As we landed at what was clearly an afterthought of an airport, I barely suppressed the murmured thought "Fuck me, I'm in a field in Romania." Now would have been a really good time to wake up.

My neighbour, a middle-aged man in a check shirt and baggy jeans, simply stood up and walked off the plane. No carry-on luggage, not even a jacket or newspaper. With his walnut skin and lean looks he gave me the impression that he had been working in the field and had simply popped away for a moment. Now he was back.

In first class a priest adjusted his robes. Head to foot in black he placed a black doughnut of a hat on his cowled head and prodded it to perfection. As we walked off I could see past him to a group of black-clad priests who formed his welcome committee, smiling and taking photos. Later they would sweep past in a convoy of black cars, lights blazing despite the sunlight, precede and followed by wailing police cars.

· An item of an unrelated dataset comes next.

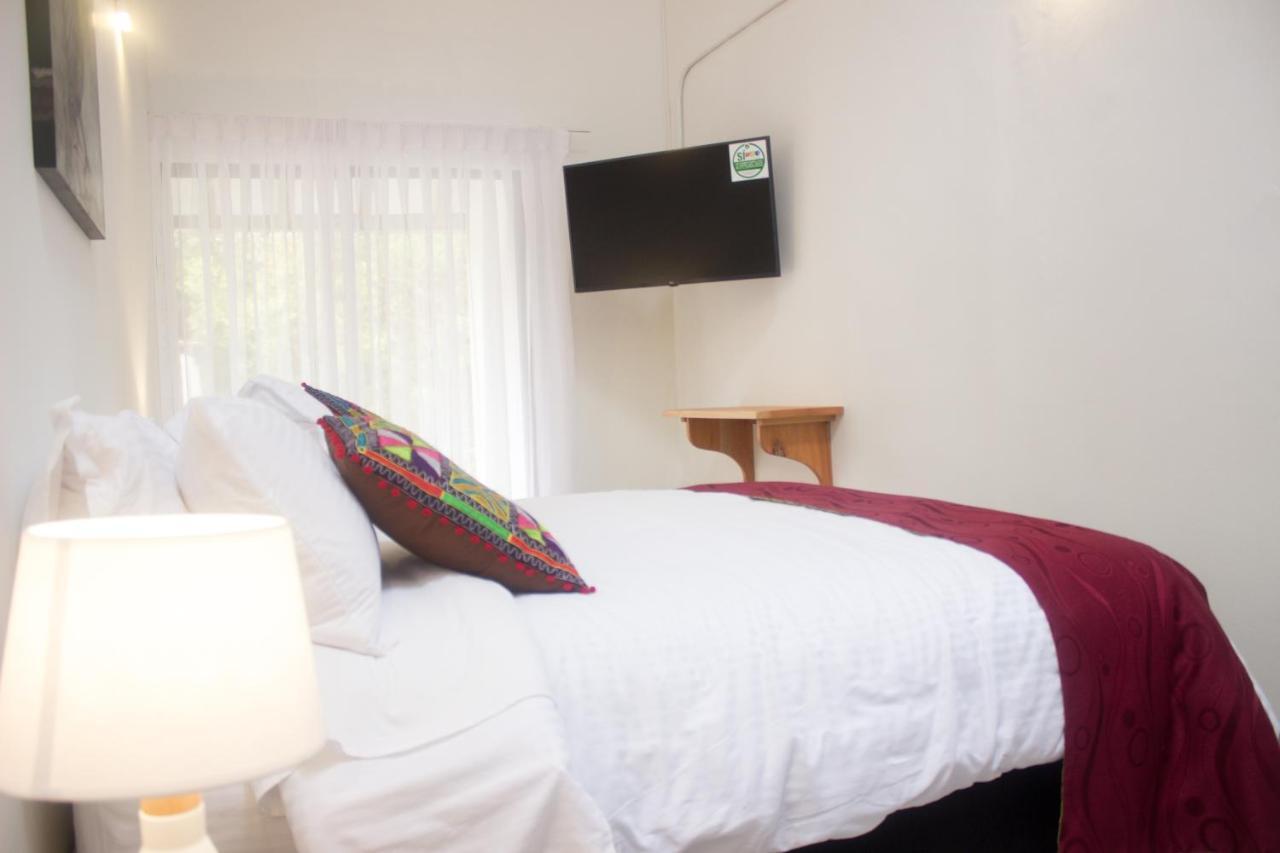 Cotinga Hotel Spa Pereira Exteriér fotografie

At the time I had no idea: when they look closely at thier photos, in the near background they should see some blond guy with a big idiot grin, waving.

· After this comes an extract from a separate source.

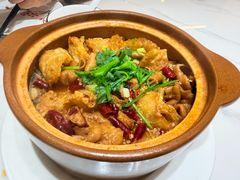-雅酌园百姓菜馆(颐和路店)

I waited forty minutes for my luggage, still twenty fewer than at Heathrow, and repacked everything into my rucksack. Outside, the taxi drivers descended like wolves on the fold. I managed to lose all but one, who insisted on giving me unnervingly good advice. The bus?

"Downstairs to the right, about forty minutes to town. I give you good ride, about one hour. Eighty Lei good price for you, not me. One hundred Lei good price for me."

It was immaterial. I had pounds sterling, New Zealand dollars, Euros but no Lei.

"Where is the ATM?"

He pointed it out.

"You know how much to get out?" I nodded and he wandered away.

I pushed my card in and was relieved to see language options.

"PLEASE ENTER YOUR SECRET PIN NUMBER!" a voice screamed.

I felt a hundred eyes on me. I stabbed at 300 Lei.

"All right?" a voice on my left said. It was the helpful taxi driver. The ATM machine beeped loudly.

"Take your money" he nodded, and I saw three one hundred Lei notes peeking out at me.

It was hot and I was flustered. I also needed change for the bus. Beer time.


The ghastly Bucharest suburbs gave way to beautiful parks and Caucescu's little attempt at urban planning. I jumped from the bus at Victory Square - five Lei well spent - and made for the Metro. In the bowels and the semi-gloom an unbelievably bent old woman held out an unmoving hand. Equally unmoving passers-by did just that.

At the gates a lady took my five Lei note without even asking where I was going and handed back a ticket and a handful of one Leu notes.

I came up from the Kafkaesque Metro to what was apparently Beirut. Dark grey buildings overlooked a maelstrőm of traffic. A spaghetti of black cables sinewed overhead and great killer slabs of cladding had fallen away from walls. From potholed pavements drunks and toughs eagled everyone and down dark alleys dogs skittered here and there.